§ Your instructions
Set down only the lines from the one containing "320 E 57th Avenue" through the final line of the entries below, exactly as they stand, with no pictures.

[Web page caption snippets]
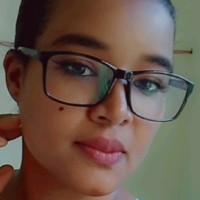 Joanny Brito De Muñoz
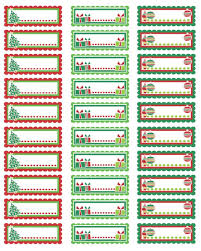 Oct 22, 2021 · avery 8593 label template avery christmas label templates from i.pinimg.com download free 2.625 x 1 blank label templates for ol875 from onlinelabels.com. 31 Word Label Template Avery 5160 Labels Database 2020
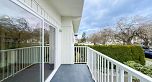 320 E 57th Avenue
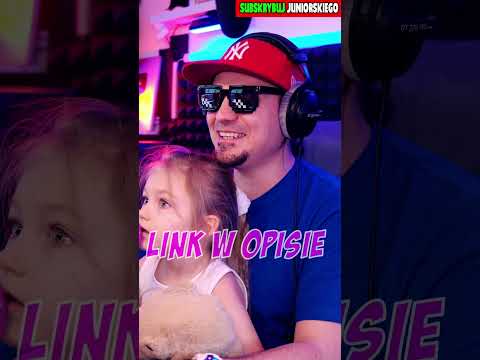 roblox-doors-w-12-osob-bylo-ciasno.jpg 🚪 ROBLOX DOORS W 12 OSÓB *było ciasno* 🚪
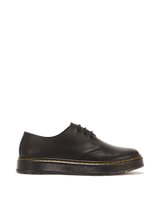 Zapatos Brookline de cuero Dr. Martens - vista frontal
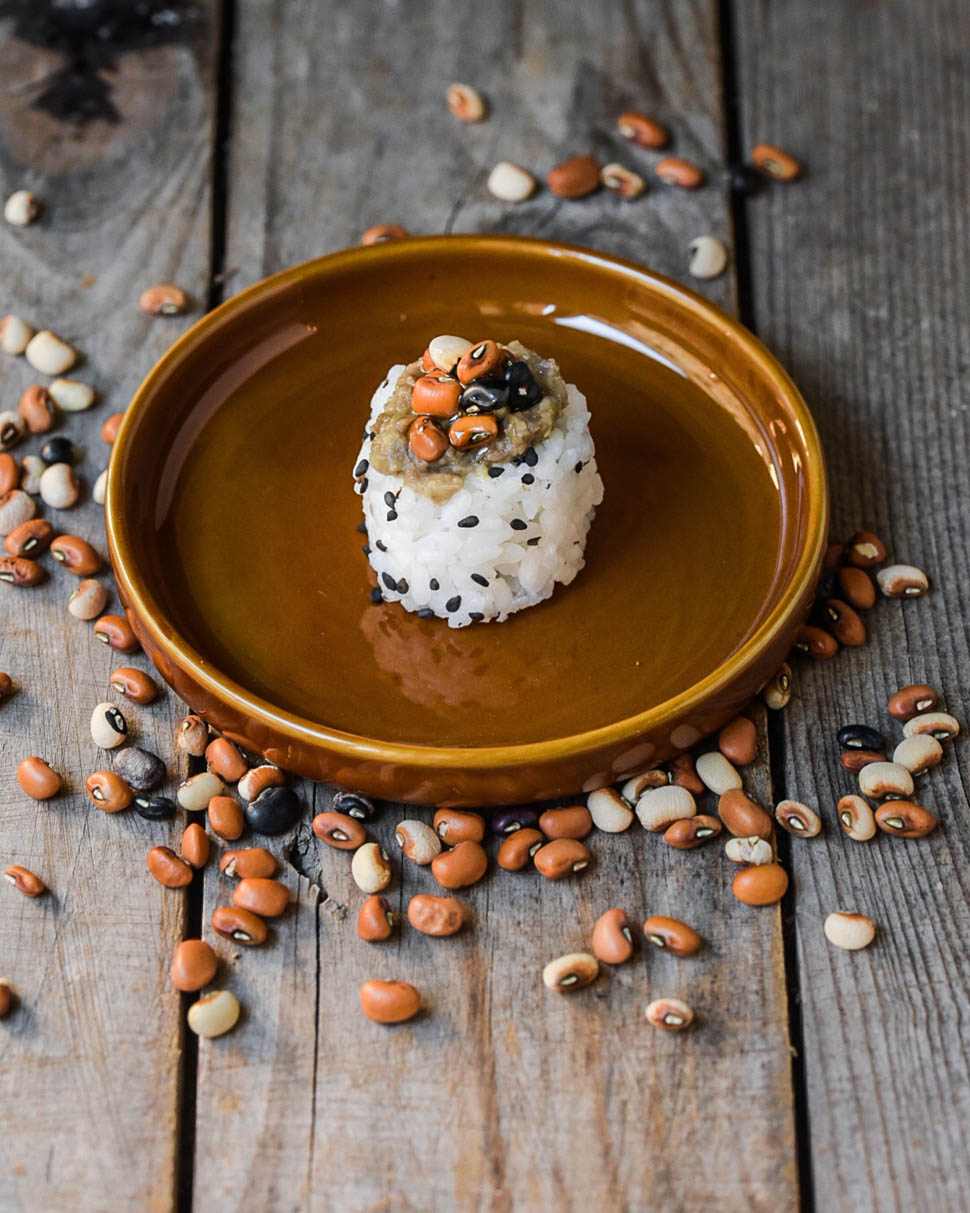 50sfumature di legume 2026 04 08 00 51 11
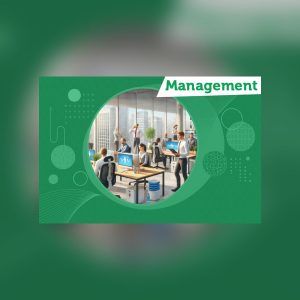 Managers : agir contre la sédentarité au travail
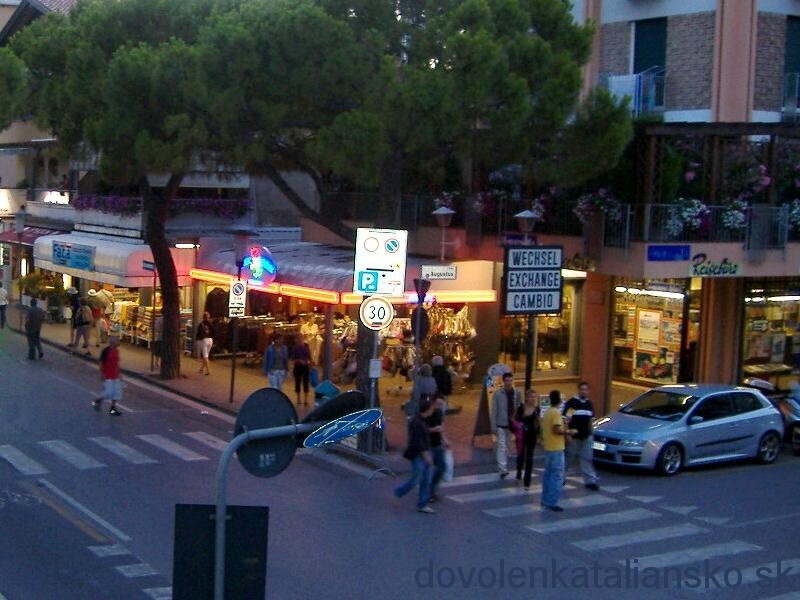 img00027.jpg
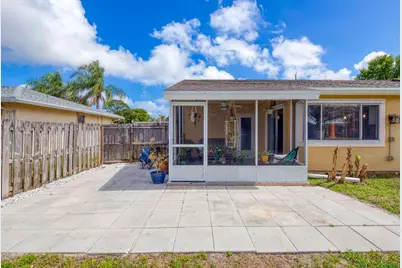 2142 SE Watercrest Street, Port Saint Lucie, FL 34984 - Photo 27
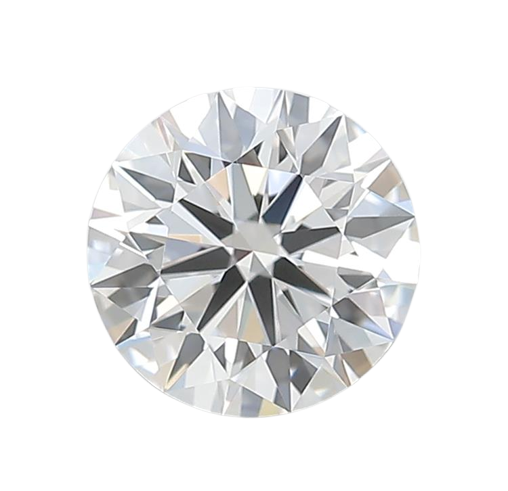 gases_lab_loosediamond_round_01-27_vvs1_d_3dcd727017a8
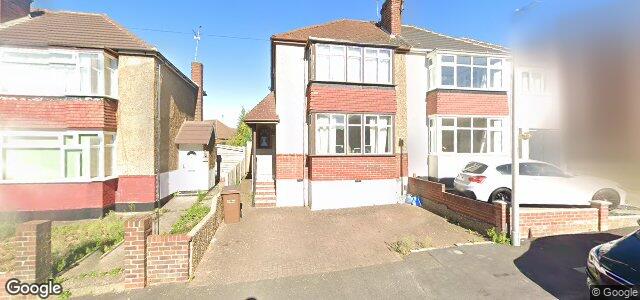 Larawan ng 74 Haig Avenue sa Winnipeg, Manitoba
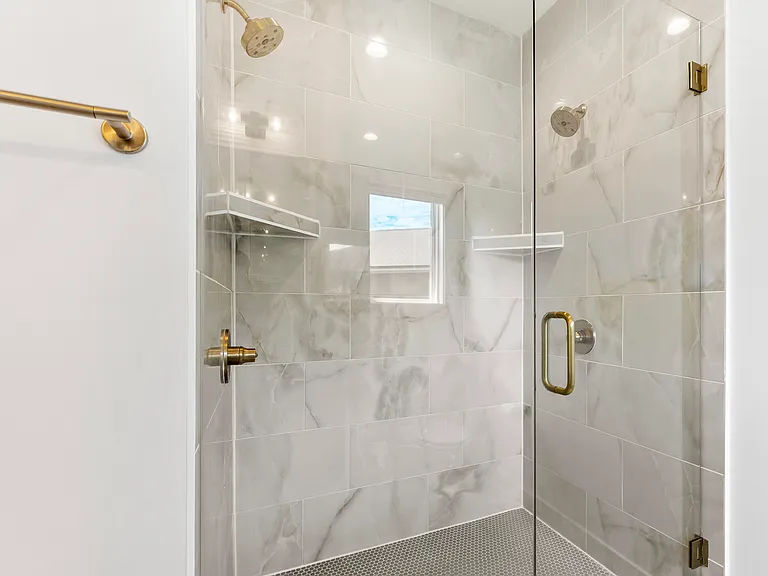 2703 Parkway Ave — Photo 18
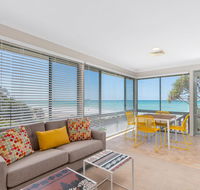 Captain's Quarters - Accommodation Broome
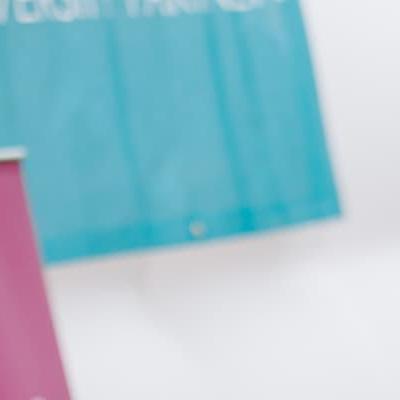 University of Hull Open Day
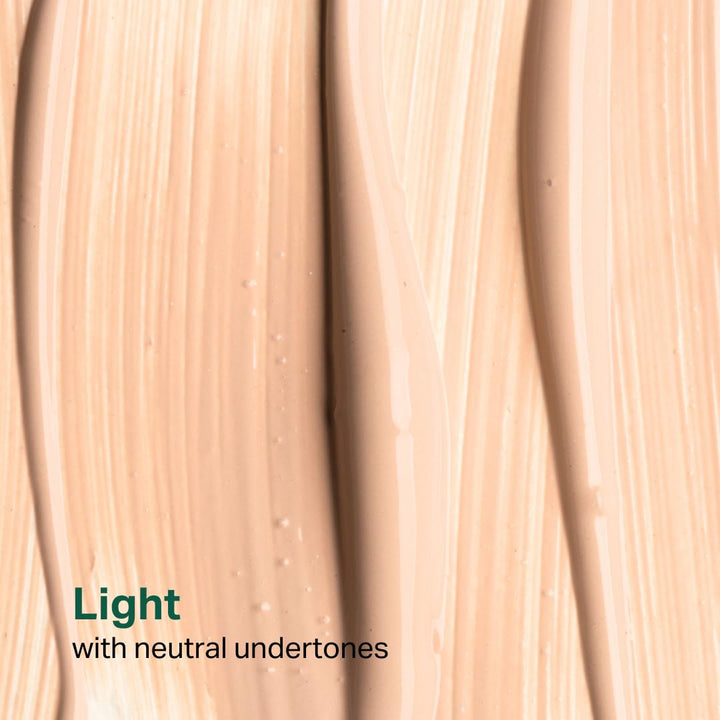 Y\u2019OUR Crema Hidratante con Color: Hidratante y Crema Antienvej...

§ Written response
 320 E 57th Avenue
 roblox-doors-w-12-osob-bylo-ciasno.jpg 🚪 ROBLOX DOORS W 12 OSÓB *było ciasno* 🚪
 Zapatos Brookline de cuero Dr. Martens - vista frontal
 50sfumature di legume 2026 04 08 00 51 11
 Managers : agir contre la sédentarité au travail
 img00027.jpg
 2142 SE Watercrest Street, Port Saint Lucie, FL 34984 - Photo 27
 gases_lab_loosediamond_round_01-27_vvs1_d_3dcd727017a8
 Larawan ng 74 Haig Avenue sa Winnipeg, Manitoba
 2703 Parkway Ave — Photo 18
 Captain's Quarters - Accommodation Broome
 University of Hull Open Day
 Y\u2019OUR Crema Hidratante con Color: Hidratante y Crema Antienvej...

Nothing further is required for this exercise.